I follow smart professional friends like Ray Wang (@rwang0) of Forrester, Josh Weinberger (@kitson) from CRM Magazine, Scott Humphrey (@scotthumphrey) from Humphrey Strategic Communications, and strategy and leadership guru Art Petty (@artpetty), and I monitor tweets from my own firm, Baseline Consulting (@BaselineConsult). I don’t deploy bots that automatically thank people for following me, and I only recently began using the groups feature in Tweetdeck to organize my tweeple. (The Twitter lexicon just creeps up on you.) I make it a point to log on to Twitter daily to stay in touch, but sometimes don’t tweet as often due to my hectic travel schedule. As my buddy Michael Cristia (@mcristia) once tweeted, “Jill, no tweets for three days! Traveling internationally?”
But despite my Twitter routine, I’m still very much of a dilettante. One follower I’ll call Pam had over 37000 of her own followers, making her a charter member of what I call the “tweet elite.” Pam’s profile described her as a social media-savvy professional woman, and her tweets were generally informative and smart. I followed her back. But I noticed a certain political theme recurring in her tweets that was squarely partisan (no problem), slightly mean-spirited (hmmm), and often hostile to those that disagreed (deal breaker). I’m all for healthy repartee, but in Pam’s case I could have logged off Twitter and turned on The O’Reilly Factor. I’d heard the term “unfollow” and decided to do it to Pam.
So I typed “Unfollow @Pam.” Less than 30 seconds later, I received a DM from Pam:
“If you are on a campaign to have people unfollow me on Twitter, then allow me to do the same for you.”
Uh oh.
Here was a hard-won lesson in Twitter diplomacy.” Crestfallen, I’d once used the “block” command on Anderson Cooper (@andersoncooper) because I was convinced his tweets weren’t his, but I’d never explicitly unfollowed anyone and figured it was just an in-line command. It wasn’t. And now Pam and her hearty army of loyalists were going to unfollow—or more likely block—me en masse and I was not only going to lose Twitter followers but some personal friends who weren’t even on-line, six degrees of separation being what it is.

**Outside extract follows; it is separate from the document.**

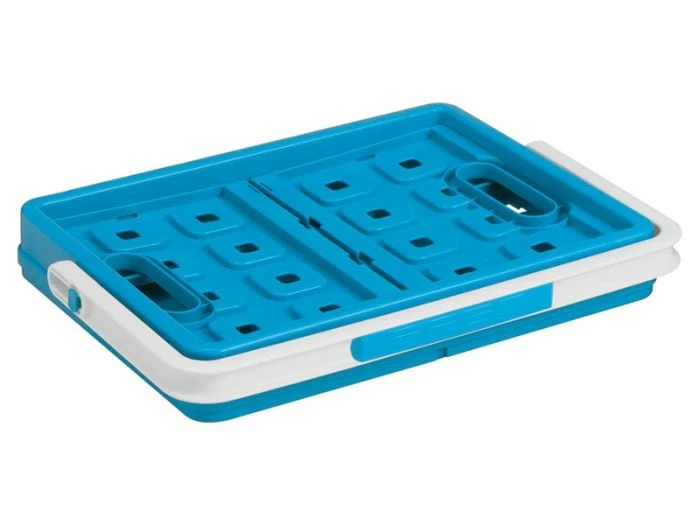 Sunware Square Petite Caisse Pliante + Anse - Blue – Image 2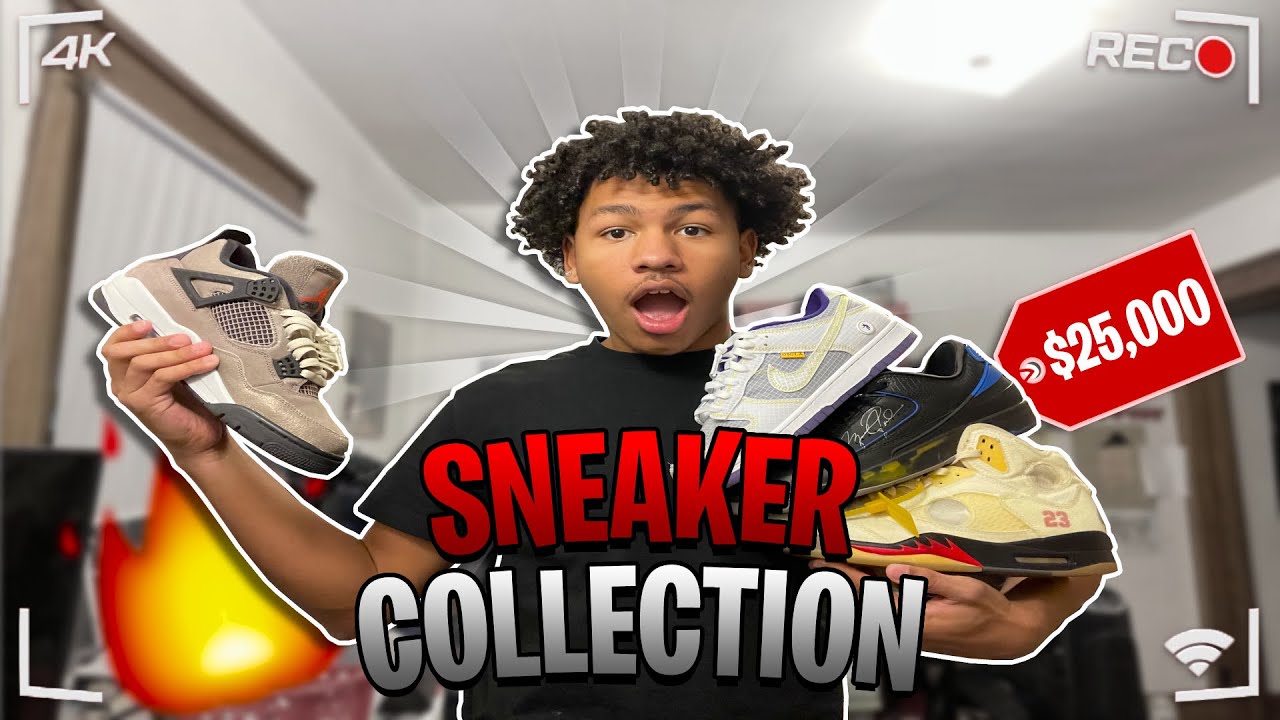 MY $25,000 SNEAKER COLLECTION 2022/2023 👟🔥 - YouTube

“Yeah, I saw your tweet,” said my friend and our VP of Marketing, Tamara Dull (@tamaradull) when I shared Pam’s icy reply. “She’s a Twitter bigwig. I’m surprised it took her a full thirty seconds to see it.” Tamara coached me on how to go to a Twitter user’s profile and then click the “Remove” button there. “Then you might want to go back and delete the tweet,” she suggested, “and maybe remove it from your Facebook page, too.” Tamara’s too nice to finger-wag in these situations but she could have, and I would have taken it, head bowed.
The obvious moral of the story is to learn to at least dog paddle before swimming with the big fish. But at the end of the day, the real lesson is that social media is new water altogether, and sometimes you have to just hold your breath and jump in.